++++ Information supplied ++++

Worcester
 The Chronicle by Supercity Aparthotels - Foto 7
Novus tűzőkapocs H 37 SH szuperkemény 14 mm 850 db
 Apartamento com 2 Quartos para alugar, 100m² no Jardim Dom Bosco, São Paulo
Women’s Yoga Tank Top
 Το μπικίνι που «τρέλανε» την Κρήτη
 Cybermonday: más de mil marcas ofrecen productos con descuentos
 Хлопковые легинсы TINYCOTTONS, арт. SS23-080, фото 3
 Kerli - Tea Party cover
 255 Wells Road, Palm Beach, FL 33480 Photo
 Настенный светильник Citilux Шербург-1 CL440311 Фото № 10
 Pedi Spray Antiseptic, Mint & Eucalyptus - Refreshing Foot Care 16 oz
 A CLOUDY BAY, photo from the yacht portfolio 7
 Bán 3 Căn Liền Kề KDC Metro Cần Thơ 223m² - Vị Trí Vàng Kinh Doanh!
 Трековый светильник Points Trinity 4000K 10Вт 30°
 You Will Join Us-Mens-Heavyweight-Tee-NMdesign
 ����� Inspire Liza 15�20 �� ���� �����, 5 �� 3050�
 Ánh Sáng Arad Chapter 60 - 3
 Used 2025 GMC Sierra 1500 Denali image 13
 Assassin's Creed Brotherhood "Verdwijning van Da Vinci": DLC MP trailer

++++

Action item:
Print every entry from the material exactly.

Output:
Worcester
 The Chronicle by Supercity Aparthotels - Foto 7
Novus tűzőkapocs H 37 SH szuperkemény 14 mm 850 db
 Apartamento com 2 Quartos para alugar, 100m² no Jardim Dom Bosco, São Paulo
Women’s Yoga Tank Top
 Το μπικίνι που «τρέλανε» την Κρήτη
 Cybermonday: más de mil marcas ofrecen productos con descuentos
 Хлопковые легинсы TINYCOTTONS, арт. SS23-080, фото 3
 Kerli - Tea Party cover
 255 Wells Road, Palm Beach, FL 33480 Photo
 Настенный светильник Citilux Шербург-1 CL440311 Фото № 10
 Pedi Spray Antiseptic, Mint & Eucalyptus - Refreshing Foot Care 16 oz
 A CLOUDY BAY, photo from the yacht portfolio 7
 Bán 3 Căn Liền Kề KDC Metro Cần Thơ 223m² - Vị Trí Vàng Kinh Doanh!
 Трековый светильник Points Trinity 4000K 10Вт 30°
 You Will Join Us-Mens-Heavyweight-Tee-NMdesign
 ����� Inspire Liza 15�20 �� ���� �����, 5 �� 3050�
 Ánh Sáng Arad Chapter 60 - 3
 Used 2025 GMC Sierra 1500 Denali image 13
 Assassin's Creed Brotherhood "Verdwijning van Da Vinci": DLC MP trailer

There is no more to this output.